Captioned web images —
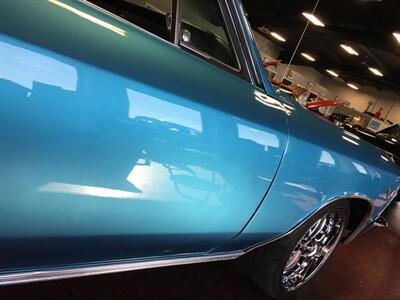 1966 Chevrolet Chevelle   - Photo 19 - Bismarck, ND 58503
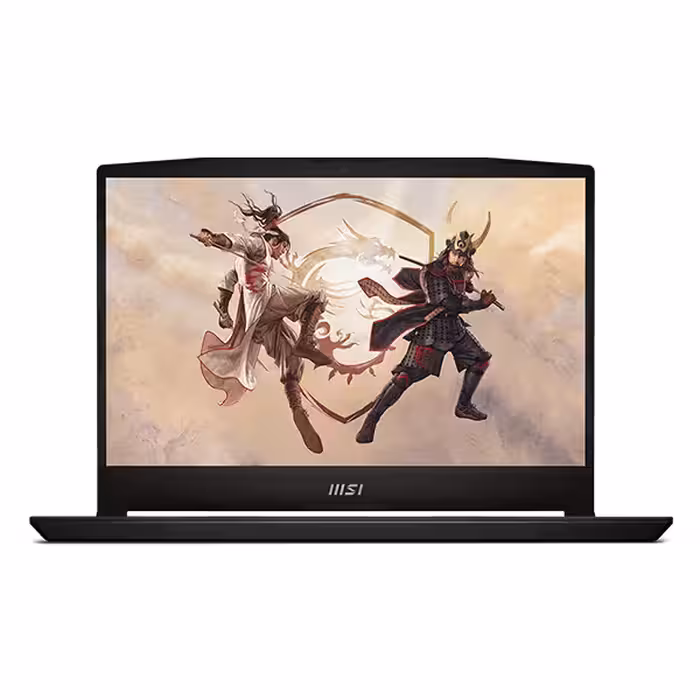 لپ تاپ 15.6 اینچی ام اس آی مدل KATANA GF66 12UDO - پردیس پازار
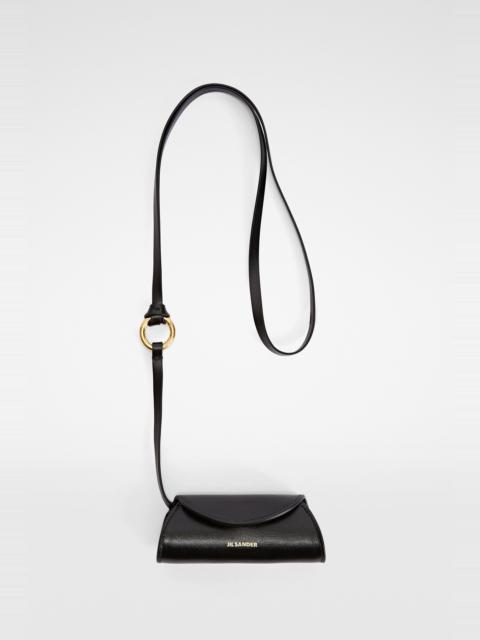 Jil Sander Cannolo Lipstick Case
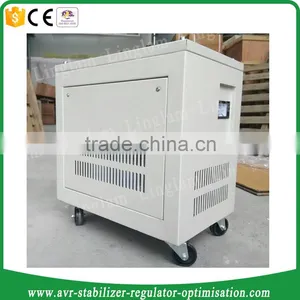 690v Dry Transformer thumbnail-6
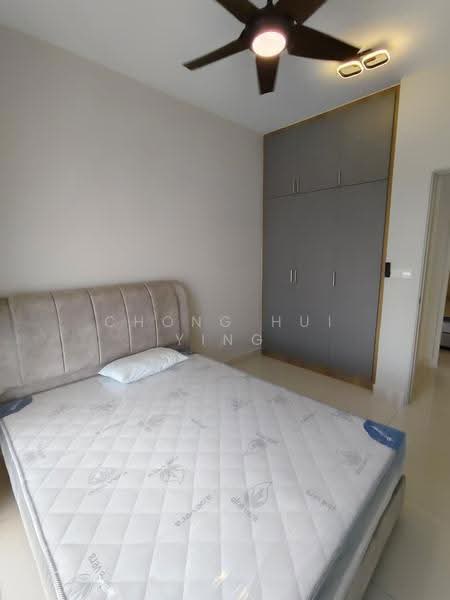 Kondominium untuk Disewa di Nestree Residence - Chong Hui Ying - Bedroom - PropertyGuru.com.my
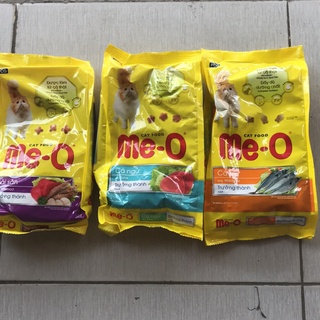 Thức ăn cho mèo lớn me-0 gói 350g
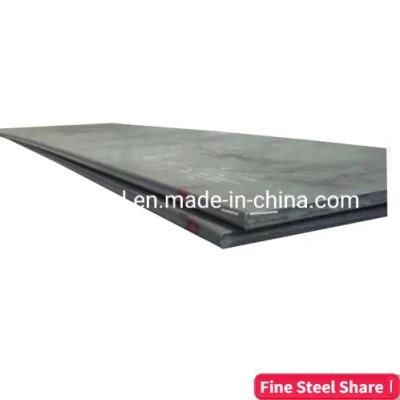 Wear Resistant Material Cco Wear Plate Steel Plate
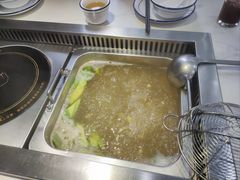 -潮正和潮汕牛肉火锅·老字号(番禺万达店)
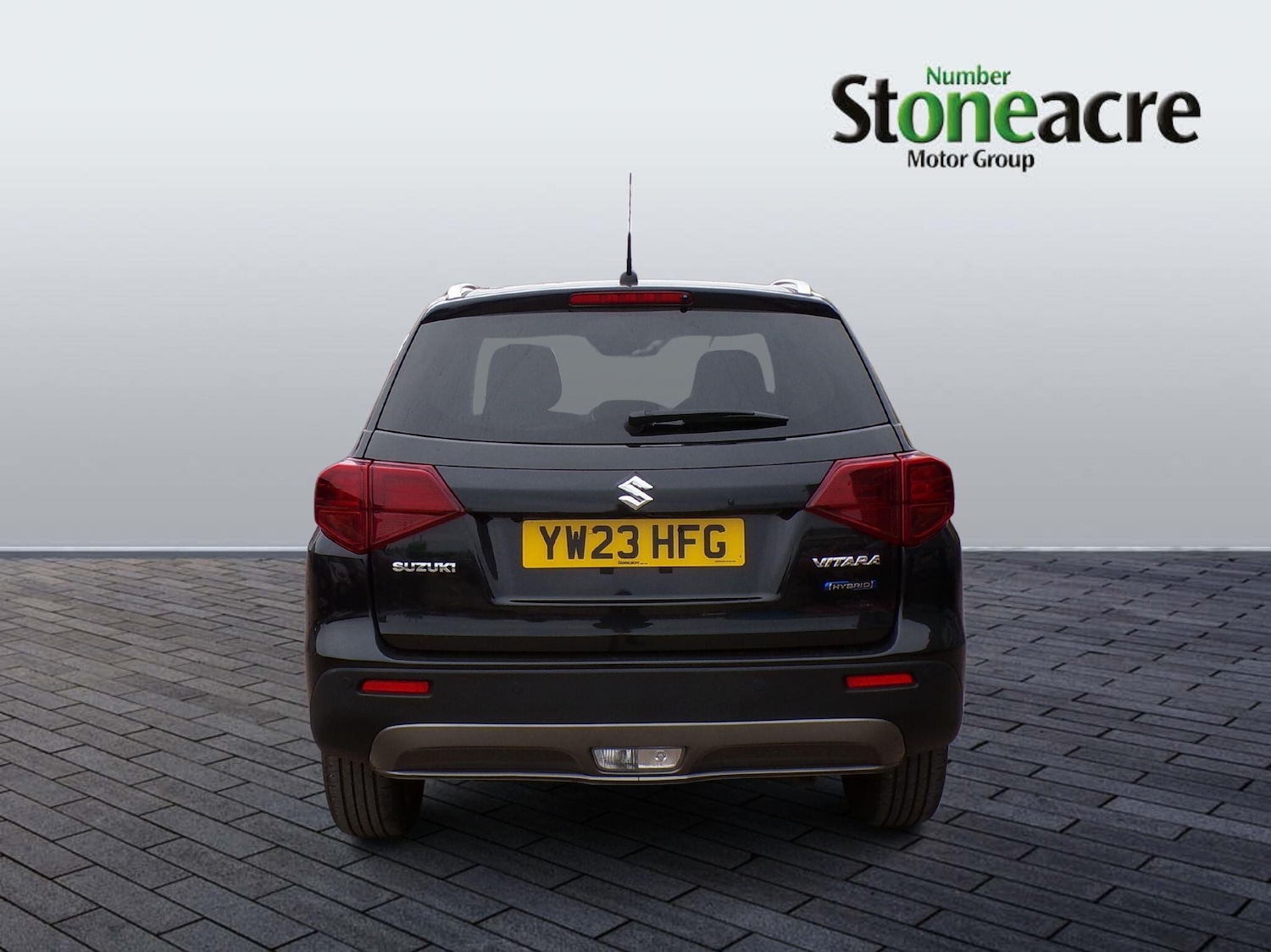 Used Suzuki Vitara 2023 for sale - 77598335: Photo 4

ASSIGNMENT — With pictures excluded, the data must be transcribed in full and to the letter.

ANSWER SPACE —
 1966 Chevrolet Chevelle   - Photo 19 - Bismarck, ND 58503
 لپ تاپ 15.6 اینچی ام اس آی مدل KATANA GF66 12UDO - پردیس پازار
 Jil Sander Cannolo Lipstick Case
 690v Dry Transformer thumbnail-6
 Kondominium untuk Disewa di Nestree Residence - Chong Hui Ying - Bedroom - PropertyGuru.com.my
 Thức ăn cho mèo lớn me-0 gói 350g
 Wear Resistant Material Cco Wear Plate Steel Plate
 -潮正和潮汕牛肉火锅·老字号(番禺万达店)
 Used Suzuki Vitara 2023 for sale - 77598335: Photo 4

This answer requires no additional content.